33. We also find that the applicant has relied on two orders issued by the Advance Ruling Authorities of Kerala and Maharashtra respectively i.e. (i) Order No.CT/2275/18-C3 dated 26.03.2018 issued by the Advance Ruling Authority of Kerala in the case of M/s. Synthite Industries ltd., Ernakulam, Kerala and (ii) Order No.GST-ARA-53/2018-19/B-127-Mumbai dated 10.10.2018 issued by the Advance Ruling Authority of Maharashtra in the case of M/s. Enmarol Petroleum pvt.ltd. reported at 2019 (20) GSTL 442, in support of their contention. In this context, we would like to emphasise here that as per Section 103 of the CGST Act, 2017, the Advance Ruling pronounced by the Authority or the Appellate Authority shall be binding only on the applicant who had sought it and on the concerned officer or the jurisdictional officer in respect of the concerned applicant, and therefore, cannot be relied upon by the applicant in the instant case.

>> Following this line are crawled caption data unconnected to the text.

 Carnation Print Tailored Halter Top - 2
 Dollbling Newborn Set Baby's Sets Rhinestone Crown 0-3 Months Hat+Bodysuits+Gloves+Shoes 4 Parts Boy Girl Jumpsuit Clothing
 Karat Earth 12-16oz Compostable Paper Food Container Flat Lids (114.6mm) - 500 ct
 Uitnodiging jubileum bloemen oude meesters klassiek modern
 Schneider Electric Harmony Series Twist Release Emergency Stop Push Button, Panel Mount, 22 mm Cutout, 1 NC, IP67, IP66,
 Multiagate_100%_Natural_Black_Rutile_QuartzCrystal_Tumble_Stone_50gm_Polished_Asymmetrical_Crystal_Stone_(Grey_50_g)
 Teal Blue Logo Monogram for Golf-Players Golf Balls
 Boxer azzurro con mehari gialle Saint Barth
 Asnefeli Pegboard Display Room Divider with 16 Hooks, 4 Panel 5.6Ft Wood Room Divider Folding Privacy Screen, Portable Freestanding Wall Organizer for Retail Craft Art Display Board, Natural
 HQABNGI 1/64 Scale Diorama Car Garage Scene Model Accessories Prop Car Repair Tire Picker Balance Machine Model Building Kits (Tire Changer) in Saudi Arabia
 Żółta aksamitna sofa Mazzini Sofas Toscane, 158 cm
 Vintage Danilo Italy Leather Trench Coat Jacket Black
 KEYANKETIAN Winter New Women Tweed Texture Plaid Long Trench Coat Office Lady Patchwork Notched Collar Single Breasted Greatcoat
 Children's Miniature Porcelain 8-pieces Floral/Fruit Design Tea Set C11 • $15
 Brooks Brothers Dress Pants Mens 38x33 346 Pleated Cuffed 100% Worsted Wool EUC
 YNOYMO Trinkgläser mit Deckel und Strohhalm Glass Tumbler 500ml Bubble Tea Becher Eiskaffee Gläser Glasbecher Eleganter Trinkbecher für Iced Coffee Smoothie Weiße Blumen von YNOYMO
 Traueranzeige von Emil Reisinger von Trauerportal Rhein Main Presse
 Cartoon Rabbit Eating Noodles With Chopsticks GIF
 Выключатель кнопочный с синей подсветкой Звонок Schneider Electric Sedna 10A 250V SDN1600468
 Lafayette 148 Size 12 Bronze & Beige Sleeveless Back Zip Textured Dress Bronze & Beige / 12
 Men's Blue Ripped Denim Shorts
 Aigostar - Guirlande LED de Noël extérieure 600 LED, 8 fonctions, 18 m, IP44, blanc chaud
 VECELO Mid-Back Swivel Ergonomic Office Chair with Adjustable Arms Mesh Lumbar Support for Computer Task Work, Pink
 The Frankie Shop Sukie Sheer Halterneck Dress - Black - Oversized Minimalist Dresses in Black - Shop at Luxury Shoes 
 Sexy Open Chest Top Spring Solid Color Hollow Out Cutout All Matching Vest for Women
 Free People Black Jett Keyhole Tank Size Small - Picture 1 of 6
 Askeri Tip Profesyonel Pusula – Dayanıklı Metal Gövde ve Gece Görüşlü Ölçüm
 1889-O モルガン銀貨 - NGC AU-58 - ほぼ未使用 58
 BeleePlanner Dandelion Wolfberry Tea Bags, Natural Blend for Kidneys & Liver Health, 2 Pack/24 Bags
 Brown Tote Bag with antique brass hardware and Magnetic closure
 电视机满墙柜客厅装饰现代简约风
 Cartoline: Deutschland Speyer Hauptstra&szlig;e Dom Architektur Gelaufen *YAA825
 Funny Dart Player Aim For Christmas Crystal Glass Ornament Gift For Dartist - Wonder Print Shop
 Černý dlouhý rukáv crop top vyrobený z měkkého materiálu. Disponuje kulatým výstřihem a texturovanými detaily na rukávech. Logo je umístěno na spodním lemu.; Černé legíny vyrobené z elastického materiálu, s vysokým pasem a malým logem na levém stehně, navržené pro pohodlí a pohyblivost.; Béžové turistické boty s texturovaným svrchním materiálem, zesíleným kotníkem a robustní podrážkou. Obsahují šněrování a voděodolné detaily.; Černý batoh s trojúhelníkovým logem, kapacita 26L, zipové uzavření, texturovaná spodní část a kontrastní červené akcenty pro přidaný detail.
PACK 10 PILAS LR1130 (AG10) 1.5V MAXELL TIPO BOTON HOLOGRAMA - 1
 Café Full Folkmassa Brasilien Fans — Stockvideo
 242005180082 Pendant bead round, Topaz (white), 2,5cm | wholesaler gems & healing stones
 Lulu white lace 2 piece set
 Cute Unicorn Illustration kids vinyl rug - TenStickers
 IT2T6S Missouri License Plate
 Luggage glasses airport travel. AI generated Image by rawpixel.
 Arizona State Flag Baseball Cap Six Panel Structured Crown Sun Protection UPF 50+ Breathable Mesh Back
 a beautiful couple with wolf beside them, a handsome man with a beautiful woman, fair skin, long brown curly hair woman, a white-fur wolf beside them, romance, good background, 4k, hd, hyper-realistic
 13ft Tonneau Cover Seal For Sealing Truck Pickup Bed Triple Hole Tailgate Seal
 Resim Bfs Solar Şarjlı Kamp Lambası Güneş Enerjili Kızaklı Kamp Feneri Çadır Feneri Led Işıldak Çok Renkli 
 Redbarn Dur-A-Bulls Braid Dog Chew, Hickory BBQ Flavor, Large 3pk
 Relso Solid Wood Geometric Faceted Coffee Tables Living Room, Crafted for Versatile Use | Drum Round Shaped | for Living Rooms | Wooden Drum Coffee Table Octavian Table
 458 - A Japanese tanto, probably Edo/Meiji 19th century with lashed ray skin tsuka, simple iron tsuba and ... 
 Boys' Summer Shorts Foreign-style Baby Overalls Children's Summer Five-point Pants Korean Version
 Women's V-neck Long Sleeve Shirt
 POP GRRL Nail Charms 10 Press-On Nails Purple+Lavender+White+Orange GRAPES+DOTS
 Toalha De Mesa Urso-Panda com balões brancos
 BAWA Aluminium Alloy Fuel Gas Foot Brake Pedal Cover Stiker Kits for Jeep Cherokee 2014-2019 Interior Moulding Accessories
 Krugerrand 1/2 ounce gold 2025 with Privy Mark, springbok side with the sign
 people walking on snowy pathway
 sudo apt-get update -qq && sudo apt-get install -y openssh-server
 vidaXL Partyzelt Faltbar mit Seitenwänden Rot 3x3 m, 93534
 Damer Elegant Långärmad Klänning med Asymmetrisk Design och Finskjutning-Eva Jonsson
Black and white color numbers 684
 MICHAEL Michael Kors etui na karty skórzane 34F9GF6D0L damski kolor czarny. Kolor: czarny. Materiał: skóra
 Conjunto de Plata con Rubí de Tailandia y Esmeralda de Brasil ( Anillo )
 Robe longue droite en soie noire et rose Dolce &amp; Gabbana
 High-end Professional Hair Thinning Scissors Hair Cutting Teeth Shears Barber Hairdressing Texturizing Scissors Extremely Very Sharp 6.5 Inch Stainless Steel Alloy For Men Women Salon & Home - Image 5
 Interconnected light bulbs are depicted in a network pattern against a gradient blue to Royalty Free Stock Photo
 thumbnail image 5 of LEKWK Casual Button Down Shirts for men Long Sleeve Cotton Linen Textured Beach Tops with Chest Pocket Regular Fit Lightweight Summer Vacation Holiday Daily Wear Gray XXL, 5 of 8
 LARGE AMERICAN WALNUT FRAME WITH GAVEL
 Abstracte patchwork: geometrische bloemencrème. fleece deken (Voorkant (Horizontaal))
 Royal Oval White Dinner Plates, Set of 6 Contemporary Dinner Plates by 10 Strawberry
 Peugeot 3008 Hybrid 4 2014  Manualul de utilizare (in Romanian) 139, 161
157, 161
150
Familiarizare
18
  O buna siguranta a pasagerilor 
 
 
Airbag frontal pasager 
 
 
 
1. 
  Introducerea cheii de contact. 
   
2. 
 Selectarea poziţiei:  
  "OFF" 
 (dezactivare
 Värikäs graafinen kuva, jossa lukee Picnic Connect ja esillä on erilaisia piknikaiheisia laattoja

34. In the light of the aforesaid circumstances, we rule as under:

RULING

Question-1: Whether the activity undertaken by the applicant is covered by Entry No.7 in Schedule 3 of the CGST Act, 2017?

Answer: The activity undertaken by the applicant M/s. SPX Flow Technology (India) pvt.ltd., Ahmedabad is covered under Entry No.7 in Schedule 3 of the CGST Act, 2017 in respect of the transactions undertaken for the period from 01.02.2019 onwards for the reasons discussed hereinabove.

Question-2: Whether the applicant is liable to pay IGST on out and out transactions taking place beyond the Customs frontiers of India?

Answer: Applicable IGST is payable on goods sold to customer located outside India, where goods are shipped directly from the vendor’s premises (located outside India) to the customer’s premises (located outside India) for such transactions effected upto 31.01.2019. However, no IGST is payable on such transactions effected from 01.02.2019 onwards, for the reasons discussed hereinabove.